Saturday, January 19, 2008

To Nai Phlao

We'd gotten along quite well with Bridget and Thomas, and the next day they decided to continue travelling with us. They had been debating whether to go to Ko Lok or Ko Tao, both of which had some positives, but also some pretty big negatives. (Ko Lok, previously devastated by the tsunami, has become expensive and touristy. Ko Tao, sounding like the perfect Thai island, has become very busy and overrun by tourists. Plus, the weather there at this time of year can be dodgy, making departure challenging.) Now, instead, they decided to join us to Nai Phlao, which we'd only settled on the day before.

We had breakfast at Art's, then got a ride to the highway. We were going to grab a government bus, but a mini-van bus pulled up and offered to take us to Surat Thani for 150 baht each. This seemed like a good deal, particularly for tall Thomas, since the van was empty. Stupid us. It filled up quickly along the way and took much longer than the bus. We've learned this lesson several times before, but we don't learn.

Eventually we got to Surat Thani. We negotiated with several travel agencies before deciding on which one to let rip us off.

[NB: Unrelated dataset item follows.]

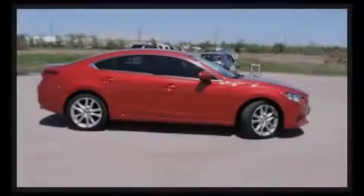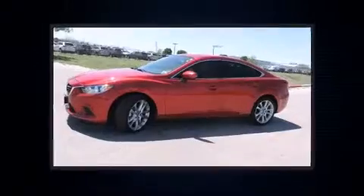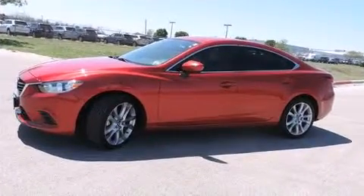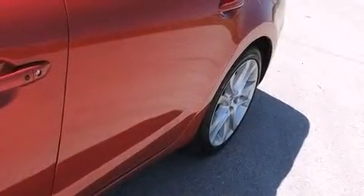Sensibility and practicality define the 2014 Mazda Mazda 6. With just over 10,000 miles on the odometer, this four-door sedan prioritizes comfort, safety, and convenience. It features a front-wheel drive platform, an automatic transmission, and a 2.5-liter four-cylinder engine.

We had a lunch of Pringles and Coke and were picked up around 1:30. This mini-van was actually pretty decent, and we had a nice ride to the beach area of Nai Phlao, near the small town of Khanom.

Nai Phlao is describe in Lonely Planet at having "Ko Samui's beauty without its crowds... Here the mountains meet the aquamarine waters of the Gulf of Thailand and the sand is pristine white. Coconut palms blow gently in the wind, and you'll be left with the impression that a chunk of Ko Samui somehow cut loose and drifted ashore." Clearly, this place had a lot to live up to.

It didn't live up to that billing, but it was still quite nice. Upon arrival Bridget and Colleen stayed with our bags at one of the big hotels on the beach while Thomas and I looked around a place to stay. Unfortunately, when we got to these less popular places there are less options. We walked around in the late afternoon heat for hours. We found one place that was perfect, but it only had one room, with another opening up the next day. We tossed a coin to see who got the room, and Colleen and I won. When we went back to claim our prize the room was no longer available, due to some earlier miscommunication. I could go on at length about finding a room that night, but it doesn't make particularly interesting reading. Suffice to say that we rented a motor bike, drove around and got a room in the end that was great, but we ended up being able to take two of the rooms that we'd originally wanted the next morning.

We had dinner at the Supar Villa Hotel dining room, where T&B had ended up for the evening. Colleen ordered prawn spring rolls. When they arrived she took a big bite, quickly realizing that they'd left the heads on and she'd bitten that end. Rather nasty. The rest of the meal was not much better. We were glad we weren't staying there.

We rode back to our hotel. I can't remember what it was called, but it had the best beds we'd been in on our travels, very cool sinks made out of the trunks of trees, and terrible plumbing that ran across the floor and caused showers to stop after 5 minutes.